Georgia is not at all like the movie or TV versions of “autism” — nor was Taylor as it turned out. Georgia is tenaciously social and her default setting is happy, even goofy much of the time. She has a wicked sense of humour and never (never!) tires of her own jokes. If a chair happens to get knocked over, that is the funniest thing she can imagine. She enjoys scrutinizing photos to find someone who might have their eyes closed (“omg that’s hilarious!”) and considers basic slapstick the highest form of humour.

Doing home renovations? If you happen to leave an old toilet on the street for garbage pick-up, we’ll laugh about that for weeks, even months. Put a Tupperware cake tin on your head and she’ll laugh so hard, she’ll cry. The best part is that she has figured out if she puts the cake tin on her head, you’ll laugh too.
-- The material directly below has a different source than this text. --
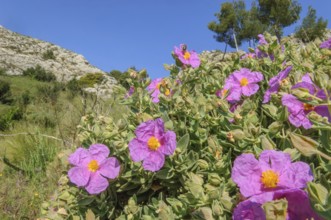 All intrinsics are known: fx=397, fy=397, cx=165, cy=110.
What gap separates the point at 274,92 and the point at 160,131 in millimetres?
404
She’s learning how to make jokes and include others in her humour. Our house is filled with, “Look!!! That’s REALLY funny, isn’t it?” many times a day. When she’s enjoying and sharing a joke, it’s really very hard to think about autism.

– – –

Taylor was a champion swimmer. He had been swimming in that same beachside pool since he was a toddler. His parents saw that he had a natural athleticism when in the water and pushed him into lessons and training, alongside neurotypical kids. They signed him up for the swim team, despite protests from worried coaches and other parents who were concerned that having Taylor on the team would hold their kids back.

Guess what? He succeeded, won medals, swam harder and faster the more he was encouraged. Still extremely quiet around others, he opened up when swimming and when talking about swimming, according to his parents. He was, maybe even, Olympic material one day.  I listened, rapt, to Taylor’s parents talking about him and watched him a lot that day.

On the deck of the pool, Taylor tripped over his feet and avoided eye contact by ensuring his wraparound glasses were always on. He was silent, detached, and noticeably awkward. Until he dived into that pool. The things that made me recognize Taylor as “autistic” seemed to vanish.

But in the water, Taylor was a smooth, sinewy presence. He moved through the blue, with mastery and skill that was breathtaking, as graceful as ballet. Taylor was, undeniably and absolutely, beautiful.